With respect to progression of the breast cancer authors must have described how the basal levels of serum lipids at the time of surgery correlated with the severity of the disease. And it should be compared with control population which is completely missing in this study.
Also, with respect to recurrence, a comparison of the basal serum lipids levels with serum lipids levels at the time recurrence must be made and presented clearly. In the same line, it is not clearly mentioned in the manuscript that blood was collected at two time from the same individual once at the time surgery and second at the time of recurrence.
In this manuscript results are presented in tables which is good but difficult to understand for research community. Authors must include multiple figure to explain the association of serum lipids with both progression and recurrence of disease.
The effect of diet, life style and multiple disorders for example diabetes are not considered for recurrence of the disease.
Reviewer 2 Report
The paper titled "Impact of serum lipid on breast cancer recurrence" describes the cross sectional study analysis to evaluate the role of lipid profile as a prognosis marker in breast cancer, more specifically recurrence of cancer.
Overall, I find the research interesting and can have potential contributory value towards global search of identifying accurate clinical biomarkers for predicting breast cancer progression and recurrence. However, I think the research could have been better presented and methods and conclusions clearly described.
I think manuscript can be further improved in following areas before consideration for publication,
1) Abstract-- need language and grammar changes with clearly outlining the findings and their potential implications of the findings in breast cancer research/clinical practice.
2) Introduction: Introduction need few language and grammatical improvements.
3) Methods-- Needs clear descriptions, in statistical part, regarding two models utilized in the study how they are adjusted for different variables.
4) There are redundancies in sentences between introduction and discussion section.
Few comments and questions for authors regarding result section:
1) What are the specificity and accuracy of the models used in the study ?
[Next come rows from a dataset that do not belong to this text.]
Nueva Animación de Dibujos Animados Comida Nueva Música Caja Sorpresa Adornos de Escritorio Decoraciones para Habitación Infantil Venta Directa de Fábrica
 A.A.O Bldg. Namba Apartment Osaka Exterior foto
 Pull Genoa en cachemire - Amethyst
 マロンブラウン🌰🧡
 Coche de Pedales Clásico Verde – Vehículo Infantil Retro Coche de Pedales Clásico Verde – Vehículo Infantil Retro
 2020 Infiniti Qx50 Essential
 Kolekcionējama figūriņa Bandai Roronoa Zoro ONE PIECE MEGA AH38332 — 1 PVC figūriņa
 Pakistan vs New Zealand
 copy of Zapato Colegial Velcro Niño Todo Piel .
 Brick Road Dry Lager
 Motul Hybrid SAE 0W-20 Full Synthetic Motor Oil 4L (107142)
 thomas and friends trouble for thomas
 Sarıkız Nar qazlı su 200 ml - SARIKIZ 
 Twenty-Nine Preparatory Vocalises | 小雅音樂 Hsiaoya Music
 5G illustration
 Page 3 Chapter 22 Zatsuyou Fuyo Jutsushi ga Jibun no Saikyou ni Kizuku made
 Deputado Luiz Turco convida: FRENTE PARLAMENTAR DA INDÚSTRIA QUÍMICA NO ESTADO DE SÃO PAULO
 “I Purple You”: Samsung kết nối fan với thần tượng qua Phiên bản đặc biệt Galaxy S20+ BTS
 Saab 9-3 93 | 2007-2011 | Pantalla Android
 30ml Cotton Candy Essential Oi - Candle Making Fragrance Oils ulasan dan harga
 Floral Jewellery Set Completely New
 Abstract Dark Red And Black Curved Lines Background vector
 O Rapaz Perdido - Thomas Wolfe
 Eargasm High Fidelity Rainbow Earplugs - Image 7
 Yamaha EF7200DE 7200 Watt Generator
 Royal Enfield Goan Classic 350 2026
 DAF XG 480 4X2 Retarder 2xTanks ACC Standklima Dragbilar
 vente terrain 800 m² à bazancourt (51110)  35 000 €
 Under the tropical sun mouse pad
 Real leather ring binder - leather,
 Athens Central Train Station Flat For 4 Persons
2) As there are multiple analysis run on datasets what would be the FDR corrected P values for those analysis?
3) Where the patients (among those 125) with normal lipid profile would fall? or in other words are there any patients with normal lipid levels but still showed recurrence of tumor ?
4) Did authors also looked at the prognosis for the rest of patients (all -125) after training the models using findings of their study from 125 patients data ? would be interesting to see what would be the predictive accuracy of the models!
5) Additional discussion can be included regarding potential utility or implications of this work for future breast cancer research or for clinical practice.